トルコ財務相が辞任、大統領と不一致か 後任に副大臣

【イスタンブール=木寺もも子】トルコのエルバン財務相が1日、辞任した。同氏は、インフレが加速する中で金融緩和を進めるエルドアン大統領の政策に批判的とみられており、不和が伝えられていた。2日付の官報で明らかにされた。
後任にはヌレッティン・ネバティ副大臣が就いた。ネバティ氏は自身のツイッターで「現在の市場環境で、政策金利をインフレ率より高く維持する必要はない」などと述べ、エルドアン氏の利下げ政策に賛意を示していた。

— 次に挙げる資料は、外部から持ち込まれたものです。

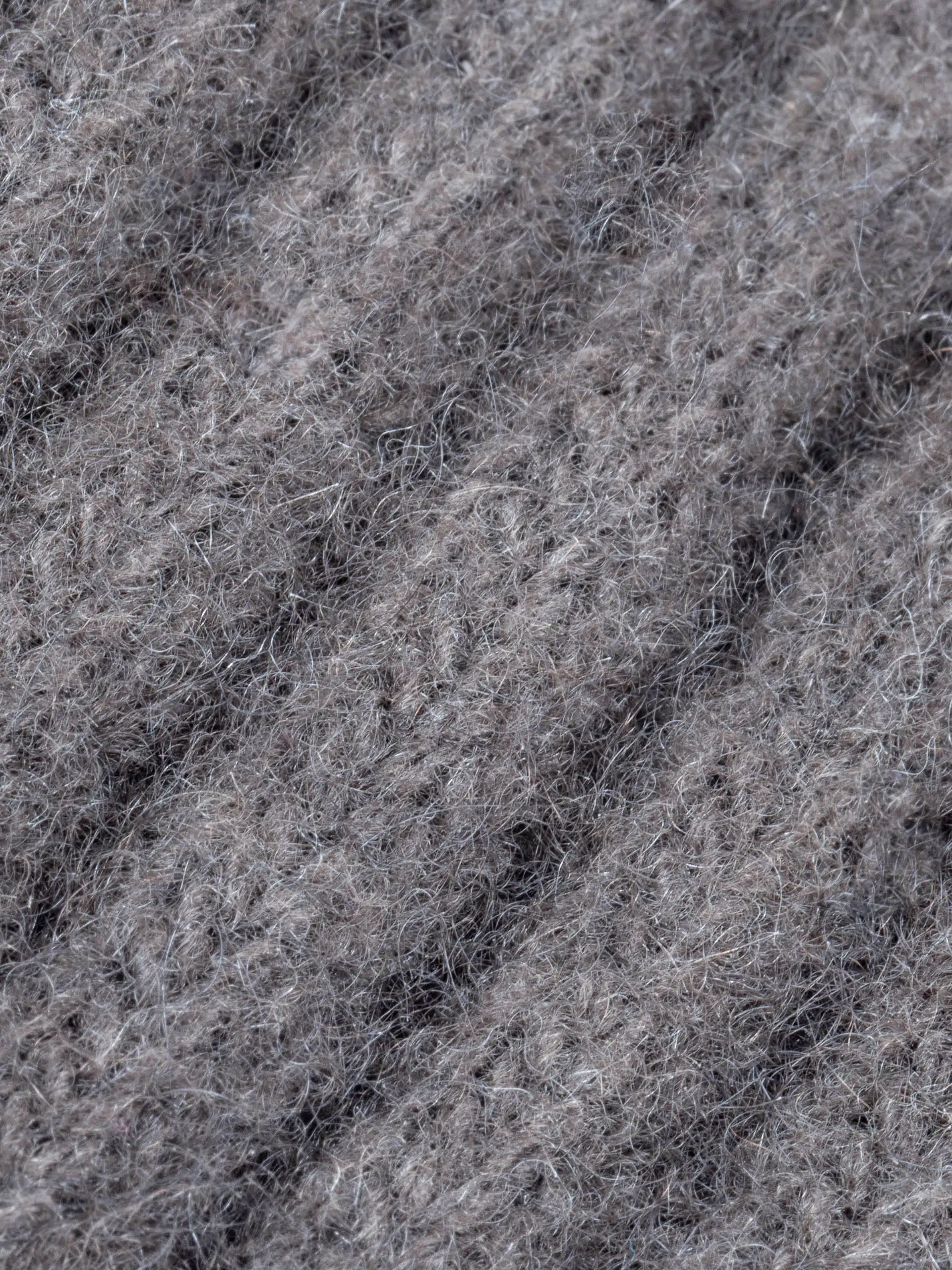 Gros plan sur la texture du tricot du tour de cou yack gris cendré, montrant les détails de la laine douce et duveteuse.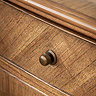 close up image on mindi wood finish of sideboard, with bronze beehive pull handles on the drawer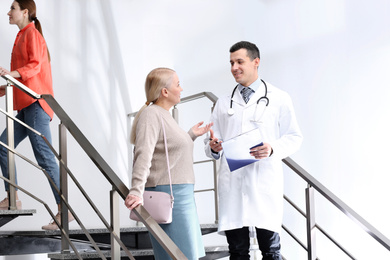 Doctor and patient discussing diagnosis on stairs in hospital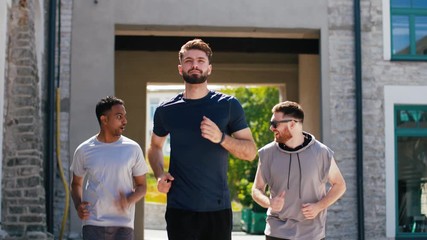 Wall Mural - fitness, sport and healthy lifestyle concept - happy young men or male friends running outdoors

エルドアン氏は「金利を下げればインフレは下がる」と繰り返し、競争力のある為替水準が輸出や雇用を拡大するという認識を示す。一方エルバン氏は11月、議会で「生産性の向上による成長でなければ持続可能な成長モデルといえない」などと述べ、為替安による輸出促進を否定していた。

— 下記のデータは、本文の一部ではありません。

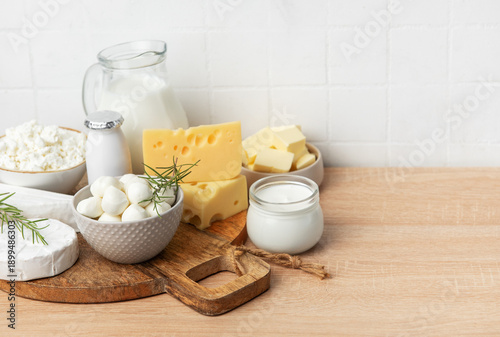 Assortment of fresh dairy products on wooden table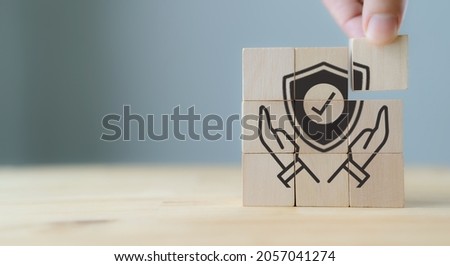 Work safety concept, hazards, protections, health and regulation.  Concept of data security. Hand holds wooden cubes with hand holding protect shield symbol on grey beautiful background. Copy space Royalty-Free Stock Photo #2057041274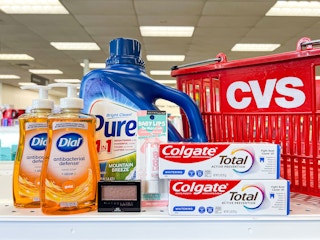 cvs shopping basket next to colgate, purex, dial, and maybelline products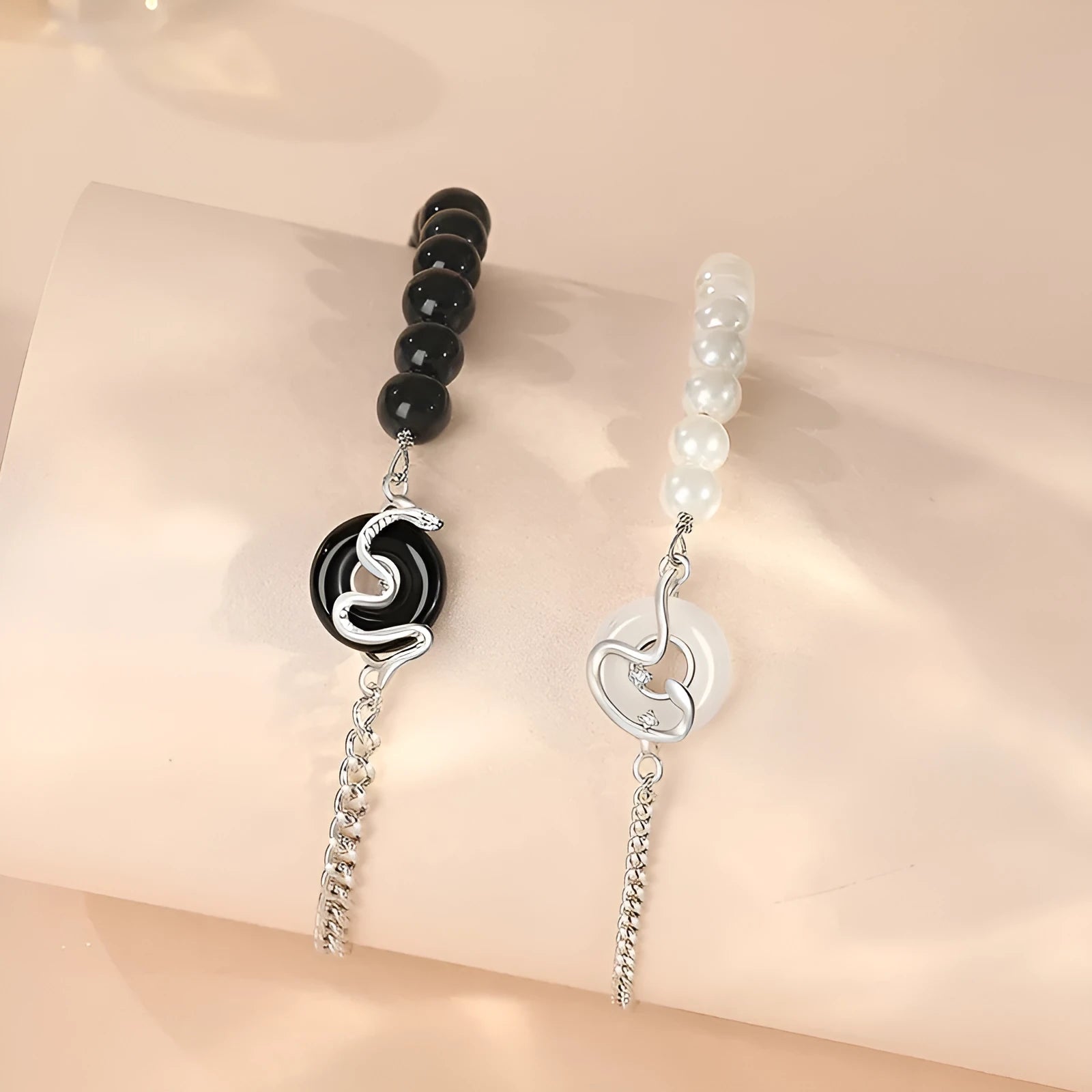 925 sterling silver couple bracelet with snake design and obsidian pearl accents on security buckle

トルコは9月以降、主要政策金利の1週間物レポ金利を年19%から15%に引き下げた。約20%のインフレ率を考慮した実質金利はマイナスで、通貨リラは年初から対ドルで4割超下落している。
エルバン氏は2020年11月、既に更迭されたタカ派のアーバル前中銀副総裁と同時に財務相として登壇し、穏健派とみられていた。